ENTRIES PROVIDED: Begin

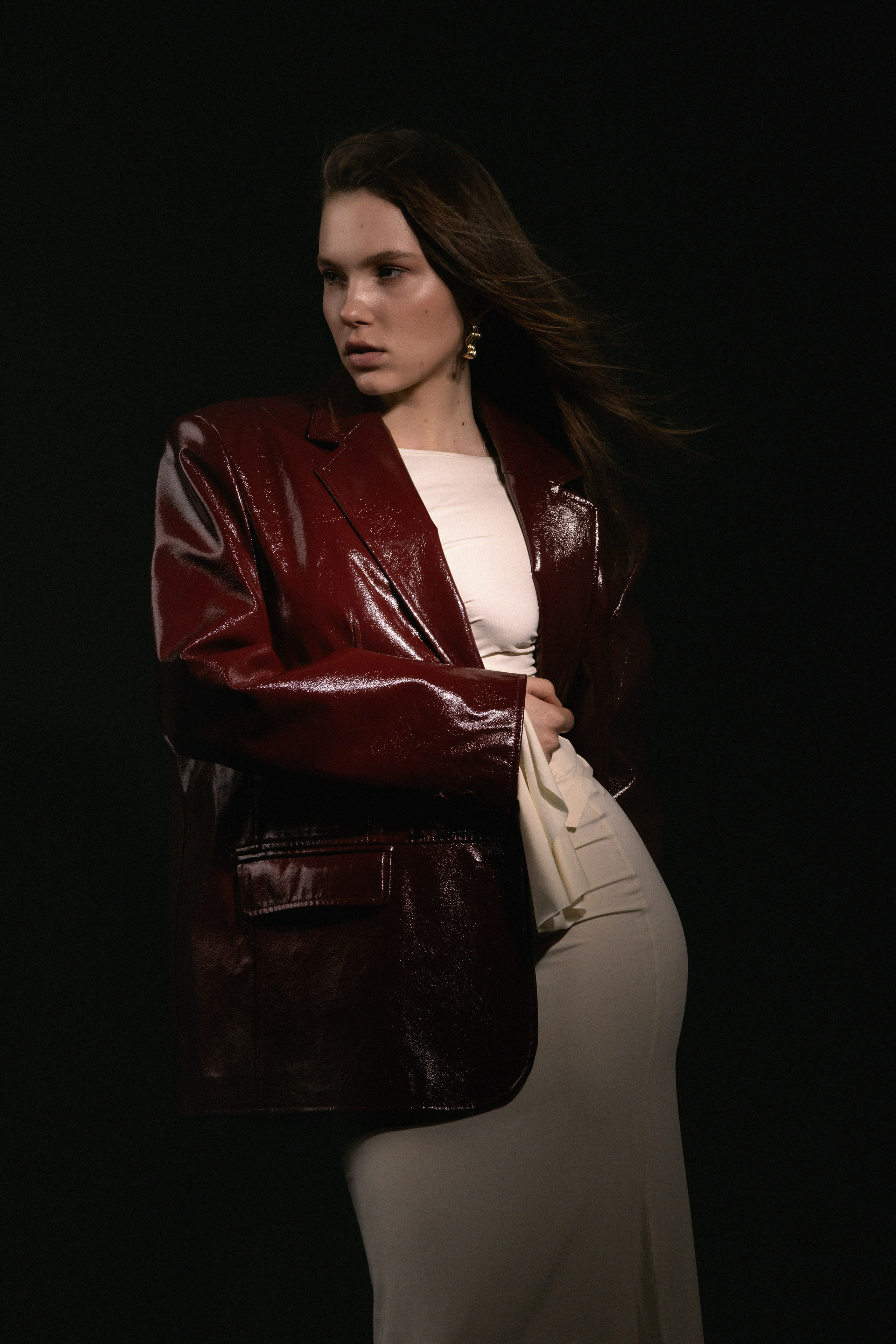 Съемка от 25.05.2025. Фотограф в Москве Дарья Мужинская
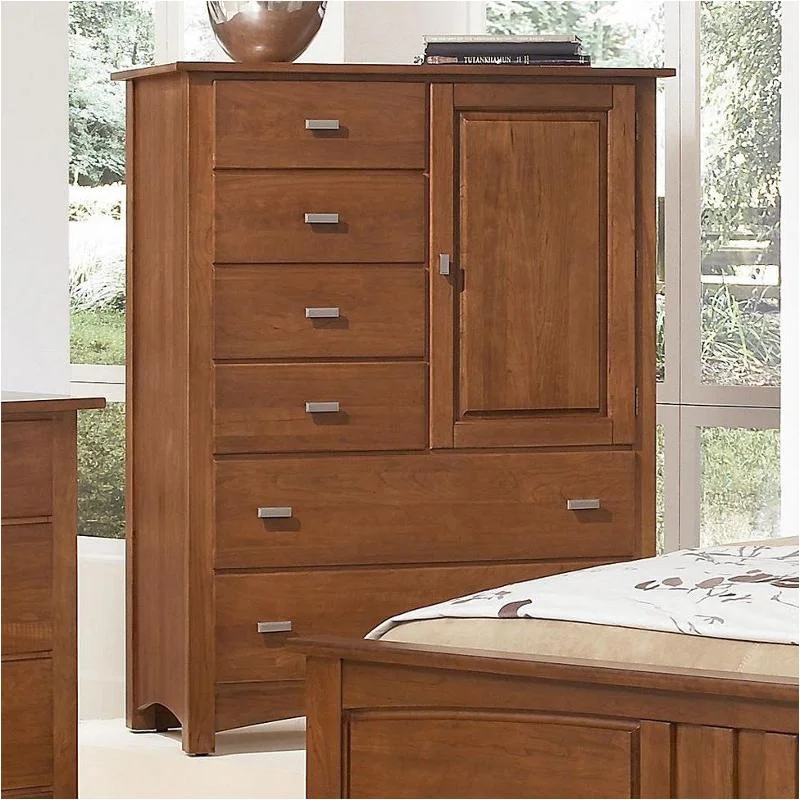 homelivingfurniture20260618000058845919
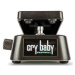 Dunlop CANTRELL FIREFLY STEEL WAH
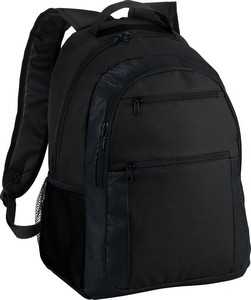 SM-7068BKAngle-Right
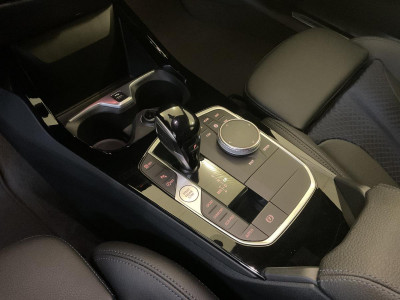 BMW 1er Gebrauchtwagen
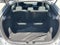 2019 Honda Civic Hatchback LX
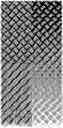 Fig. 04 - Method of Digital Halftoning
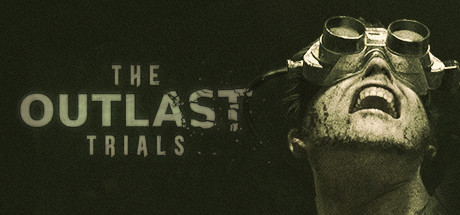 The Outlast Trials Wallpapers - Wallpaper Cave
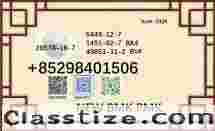 PMK 28578-16-7 BMK 5449-12-7 glycidic acid sodium salt 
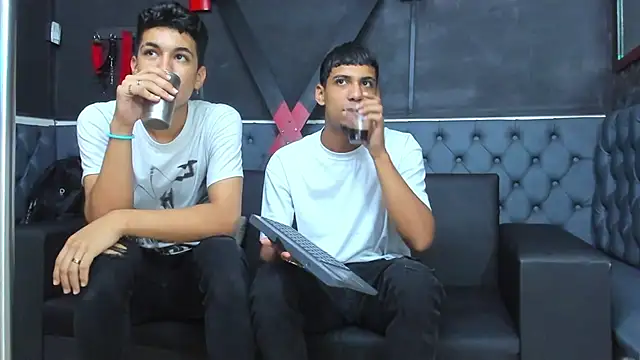 ALEX KEITH26 online show from 04/13/26, 11:59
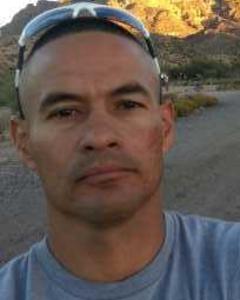 Man, 48. carlitos7482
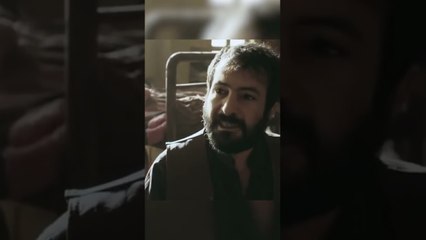 "Racon mu Öğreteceğiz Sana!" | Tatar Ramazan #shorts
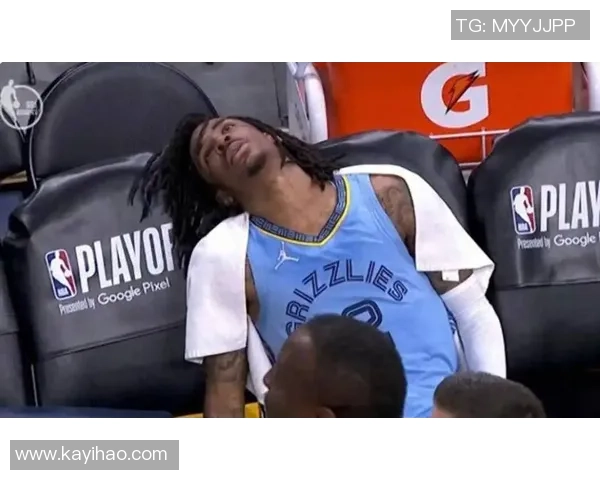 灰熊队主场作战，连续三战对手表现低迷！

ENTRIES PROVIDED: End

- [DESCRIPTION OF THE TASK]
With the images left out, set down each record exactly as it appears.

- [EXPECTED ANSWER]
 Съемка от 25.05.2025. Фотограф в Москве Дарья Мужинская
 homelivingfurniture20260618000058845919
 Dunlop CANTRELL FIREFLY STEEL WAH
 SM-7068BKAngle-Right
 BMW 1er Gebrauchtwagen
 2019 Honda Civic Hatchback LX
 Fig. 04 - Method of Digital Halftoning
 The Outlast Trials Wallpapers - Wallpaper Cave
 PMK 28578-16-7 BMK 5449-12-7 glycidic acid sodium salt 
 ALEX KEITH26 online show from 04/13/26, 11:59
 Man, 48. carlitos7482
 "Racon mu Öğreteceğiz Sana!" | Tatar Ramazan #shorts
 灰熊队主场作战，连续三战对手表现低迷！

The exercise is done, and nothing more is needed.